Annoyingly, you have to register an account and log in to download any papers. The uploader doesn't have any control over this. It's still free, but distinctly worse than arXiv, or heck, even the classic academic homepage with PDFs on it, both of which already exist.
I would guess this also inflates their membership count, which is, I assume, the reason for the requirement. I myself never use academia.edu when I can help it, but I have an account because I must sometimes log in when someone has chosen to host their paper there instead of somewhere better.
I agree that the platform is growing quickly and I wish them the best, but I don't think they have 25% of the world's academics right now.
It's great to see papers published in the open (I assume this is the Personal Version of papers), but in order to participate in the academic process, you have to cite the Version of Record.
As I understand it (I'm new to the industry) publishers are starting to realise that if they don't provide free access to government funded papers then their revenue streams will dry up.
That statistic looks spurious to me.
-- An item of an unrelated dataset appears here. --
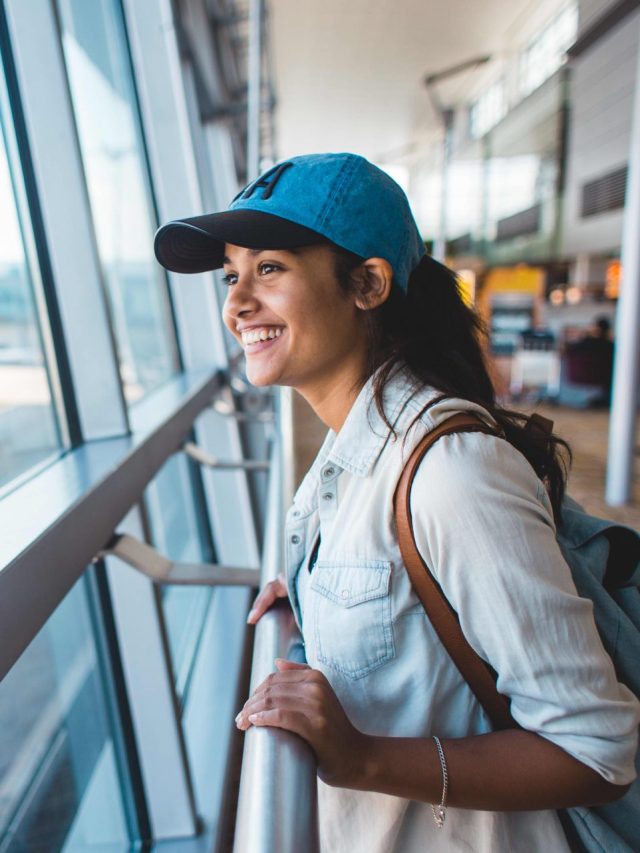 106146472-1569344643220travel-adventure-airport-girl-waiting-smile-plane-backpack-happy-teen_t20_e824lm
Around 20% of my academia.edu contacts are 'independent researchers'. I'm not a heavy user of the site, and I pay little attention to it.
I can tell you from experience that getting buy in from mid to senior academics for this kind of thing is really tough as it doesn't add value to what they do in pre-existing ways already. The current bureaucratic cost cutting environment in universities doesn't help either.
The real question is, how many active weekly users does Academia.edu have?
Let freedom ring!
Personally, I wish him well. I think academic journals are a very worthy target of disruption.
They have some interesting features (such as feeds of recent articles organized by journal you can sign up for), but by far the most important feature of academia.edu is growing academia.edu.
Having said that, I haven't found Academia.edu useful. I like Google Scholar better, and that has plenty of problems.
This Onion talk put it really well: https://www.youtube.com/watch?feature=player_embedded&v=w8c_...
@afandian NOT OPENSOURCE! Not worth it for academia.
Generally speaking, I really don't get what's good about those platforms. Can anyone try to explain why people keep using it for another thing than peer-pressure?? I mean you upload a damn pdf with some meta-data attached to it. What's so hard? Use XMPP/IRC or Usenet for the communication and you're set, I must be dumb. I don't see why there is a need for those "new social networks". When email/mailing-lists/irc/xmpp/usenet/forums etc. already exist.
Sometimes a businessperson spots an opportunity and exploits it. Sometimes people who all have a common problem get together and try to solve it.
Is Hacker News about hacking or about lame web-2.0 bubble business bullshit?
I read lots of academic papers and I find them in two ways. One, is that I google for them. And the second is by following up references in papers to find a particular author's web page where they usually have lots of info about their work including a complete list of papers that they have published. Often these are very old school web pages that were started circa 1992 or so. The WWW only went public in 1990.
Ever since academia moved onto the Internet in around 1990, they have been innovating with bibliographic servers that go far beyond a web search engine. It is nice to see some more incremental improvements but the hype about it being radical and new does more harm than help.